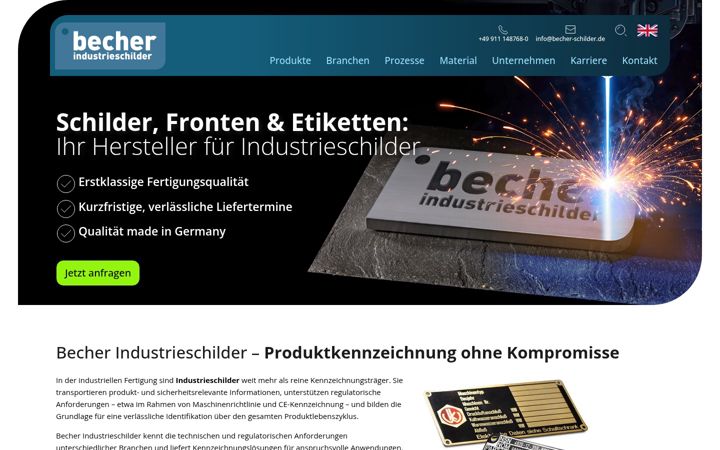 Screenshot of becher-schilder.de
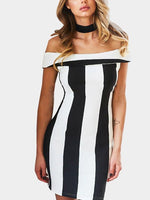 Wholesale Off The Shoulder Stripe Zip Back Mini Dress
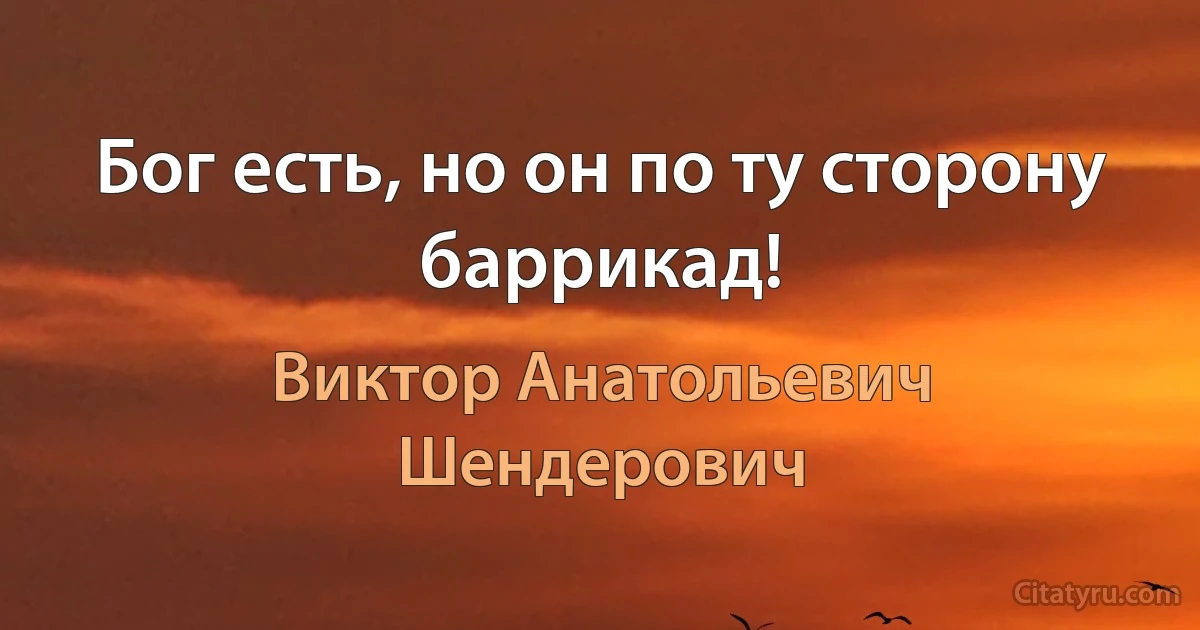 Бог есть, но он по ту сторону баррикад! (Виктор Анатольевич Шендерович)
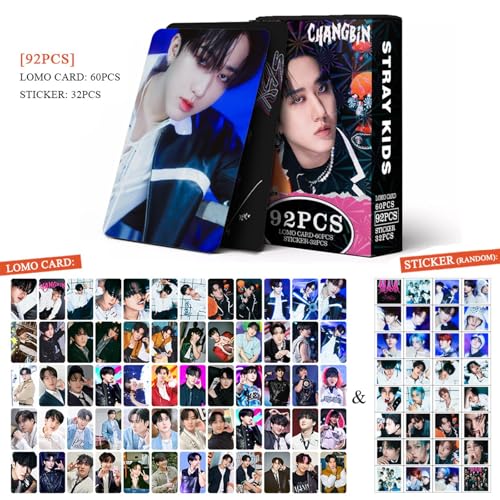 KPOPBP Stray Kids Photocards 60 PCS SKZ Rock Star Album Photo Cards with 32 PCS Stickers Kpop Gift Lomo Cards Merch for SKZ Boys and Girls (CHANGBIN) - Image 2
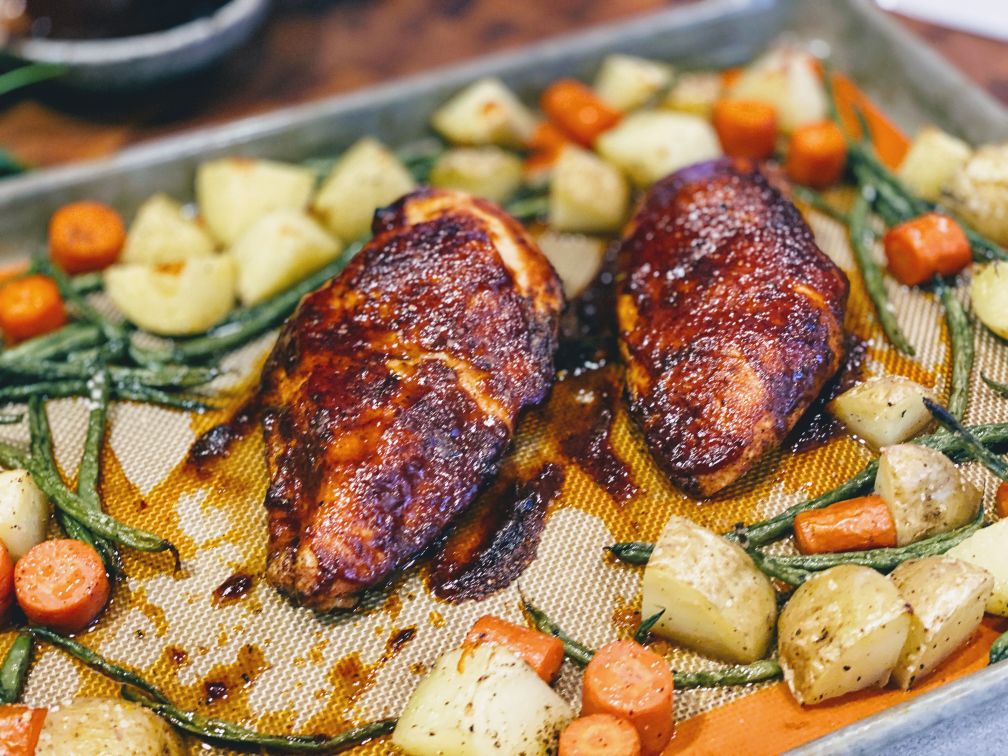 Optimized Food BY Joe Recipe One Pan Sheet Pan BBQ Barbecue Chicken Roasted Vegetables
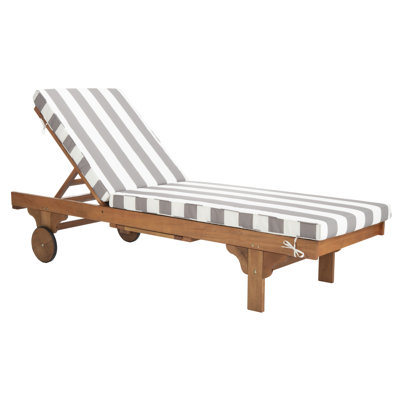 Jivera Outdoor Eucalyptus Wood Chaise Lounge , Cushion Included
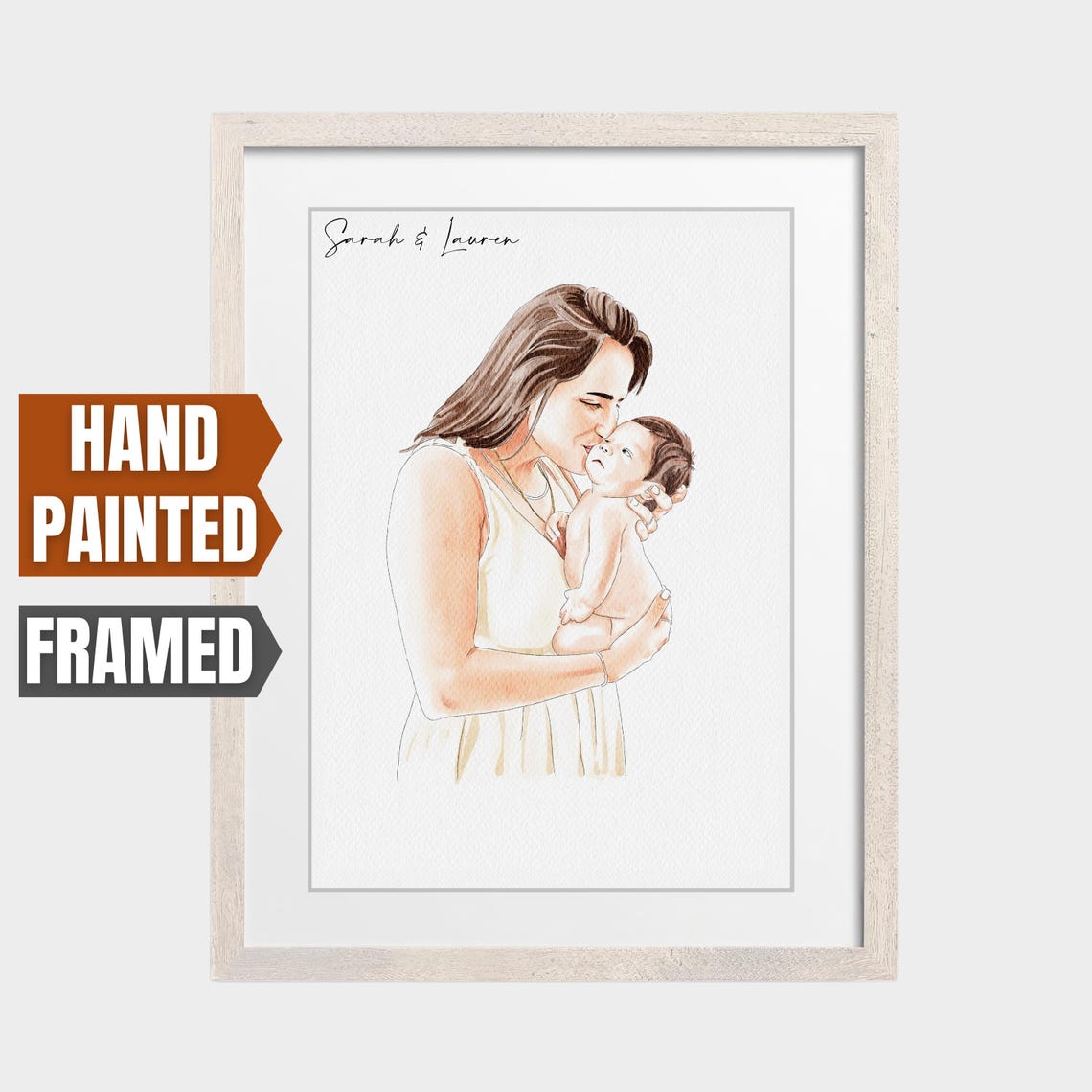 Hand Painted Portrait Mother And Daughter Portrait From Photo Watercolor Painting Custom Mother Daughter Print Mother And Baby Portrait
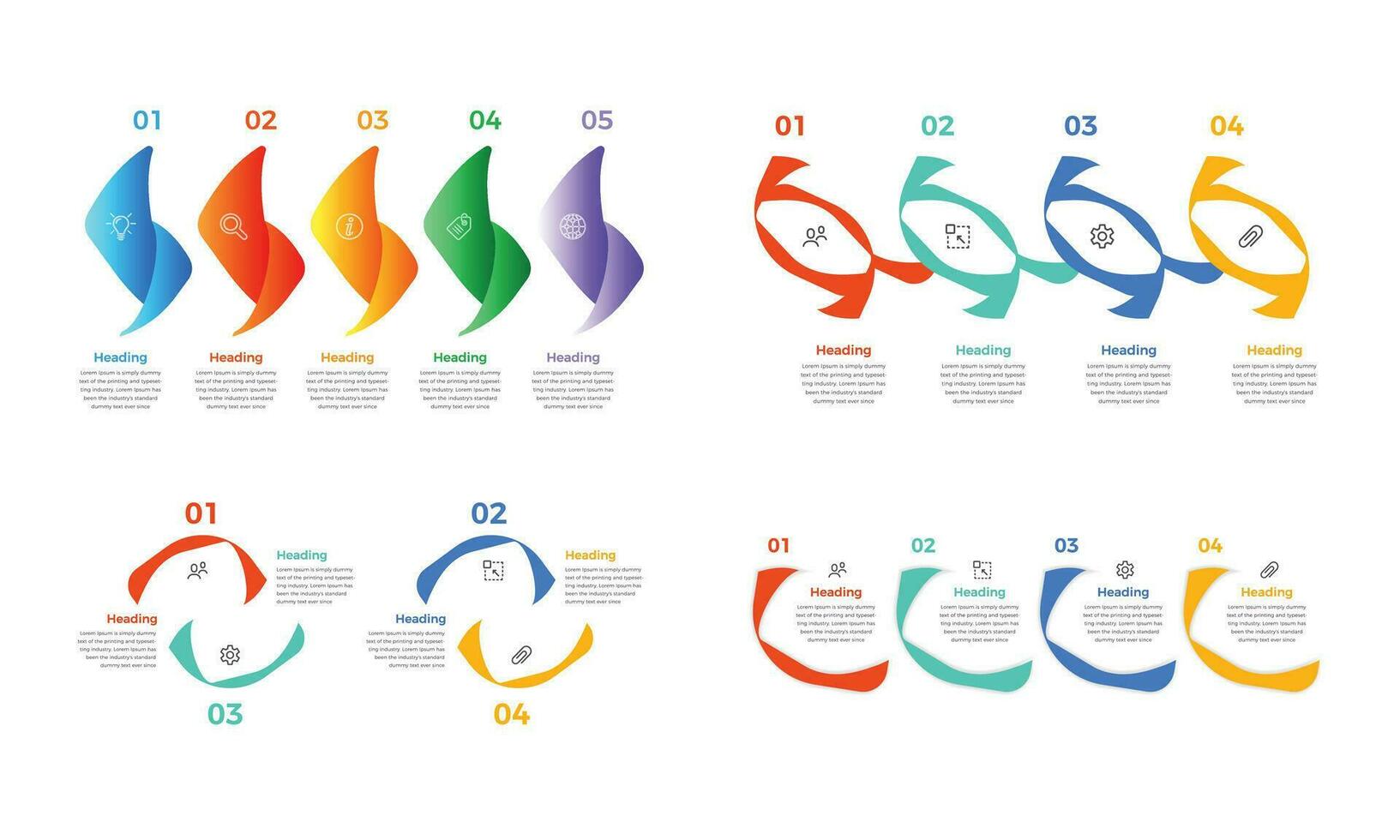 negocio infografia colocar. colección de plantillas para moderno vector grafico, diagrama y presentaciones negocio concepto con opciones, pasos, partes o procesos infografía modelo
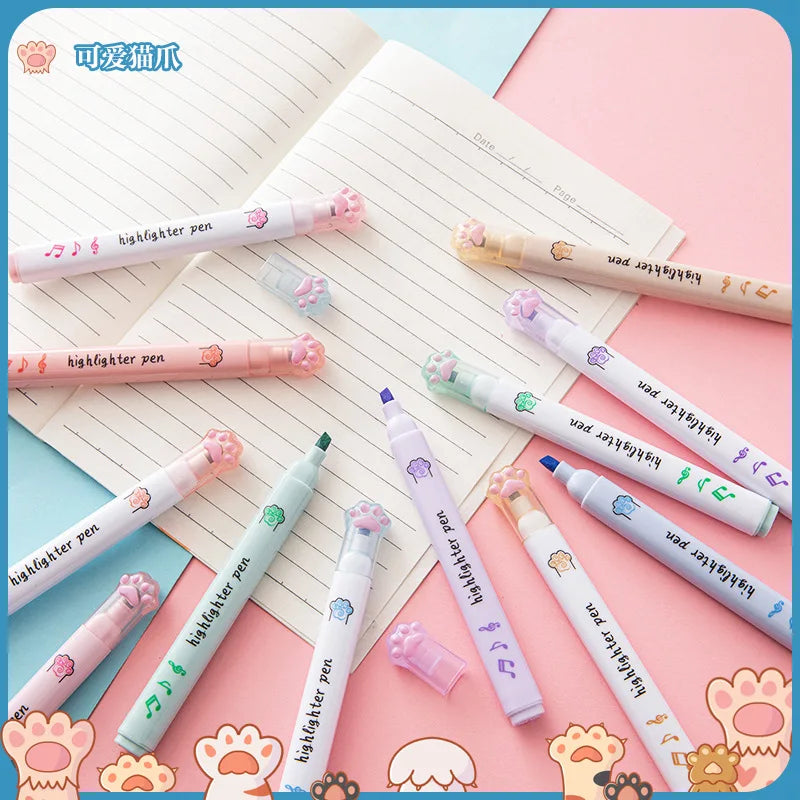 6Pcs/Set Kawaii Cat paw Fluorescent Highlighter Pens Markers Pastel Drawing Pen Student School Office Supplies Cute Stationer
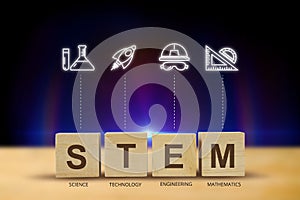 STEM Education Concept , Science Technology Engineering and Maths, icon style vector design, illustration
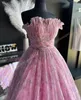 Pink Print Prom Dress 2K24 Ruffle High Empire Midje Glitter Ballgown Lady Preteen Girl Pageant Gown Winter Formal Party Wedding Guest Red Capet Runway Hoco Black-Tie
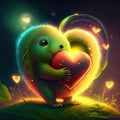 Kiwi hugging heart Valentine\'s day greeting card with cute green hedgehog holding heart. AI generated ani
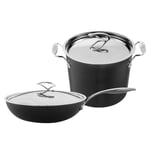 Style Stockpot & Stir Fry Set Hard Anodized Kitchen Cookware - 24/30 cm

#### PROBLEM TO SOLVE
Please retype the lines from the one that contains "Hand Painted Portrait" through the final line of the data, both included, without any pictures.

#### PROBLEM SOLUTION
 Hand Painted Portrait Mother And Daughter Portrait From Photo Watercolor Painting Custom Mother Daughter Print Mother And Baby Portrait
 negocio infografia colocar. colección de plantillas para moderno vector grafico, diagrama y presentaciones negocio concepto con opciones, pasos, partes o procesos infografía modelo
 6Pcs/Set Kawaii Cat paw Fluorescent Highlighter Pens Markers Pastel Drawing Pen Student School Office Supplies Cute Stationer
 STEM Education Concept , Science Technology Engineering and Maths, icon style vector design, illustration
 Pink Print Prom Dress 2K24 Ruffle High Empire Midje Glitter Ballgown Lady Preteen Girl Pageant Gown Winter Formal Party Wedding Guest Red Capet Runway Hoco Black-Tie
 Kiwi hugging heart Valentine\'s day greeting card with cute green hedgehog holding heart. AI generated ani
 Style Stockpot & Stir Fry Set Hard Anodized Kitchen Cookware - 24/30 cm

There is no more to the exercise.